Note that the created_at and updated_at fields are being stored as timestamp with time zone because that’s all that Gorm can do when working with time.Time objects so an alternative would be to use iso strings but eek I could just deal with a UTC casting here and there - I’ll let you decide what you want to do from there.

This was a great little exercise but I’m probably not going to build anything super mission critical using gin and gorm anytime soon without making sure I can keep all my data’s times in UTC, deliver comprehensive error messages for data validation, simple background task processing, and more. For mission critical stuff, I’m still going to stick to Rails, Sinatra, FastAPI, and Django for the time being.

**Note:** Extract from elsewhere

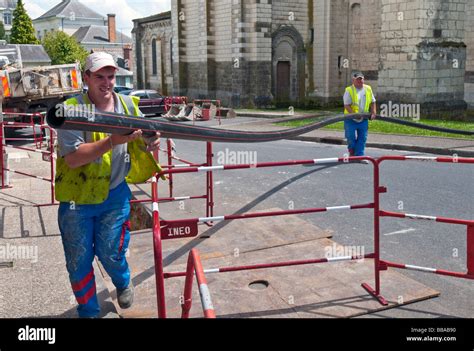 Mann Mit Barriere Fotos Und Bildmaterial In Hoher Auflösung Alamy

Moreover, this api isn’t fully featured, nor is it production ready, but I would recommend reading through the code to understand how to build modular APIs with Gin and Go if you’re interested in starting to write more go.

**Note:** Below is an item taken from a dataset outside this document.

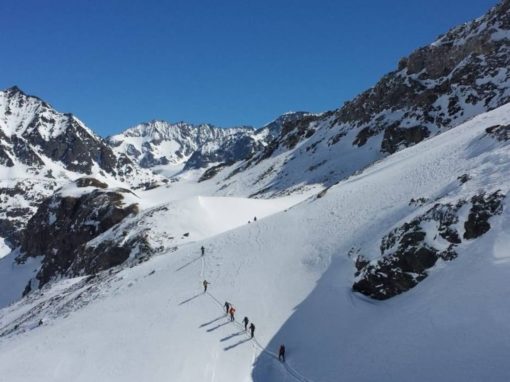 Marcher avec des crampons : le guide pour randonneurs Marcher avec des crampons : le guide pour randonneurs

In the future, I may come back and add a few more things to make this production ready. Some ideas I have to add are; replacing postgres with cockroach db and having gin-sampler deployed to a kubernetes cluster with cockroach db, secure everything with proper SSL, RBAC, a secrets manager, and the works, code coverage, idempotent data migrations, tests, multi-env kubernetes deployment, and swagger docs – oh and UTC timestamps.

If you’re coming from another programming ecosystem like Ruby or Python, building software with go can be a bit daunting at first, but is just as fun, and opens up new perspectives on building applications that offer performance benefits right from the start.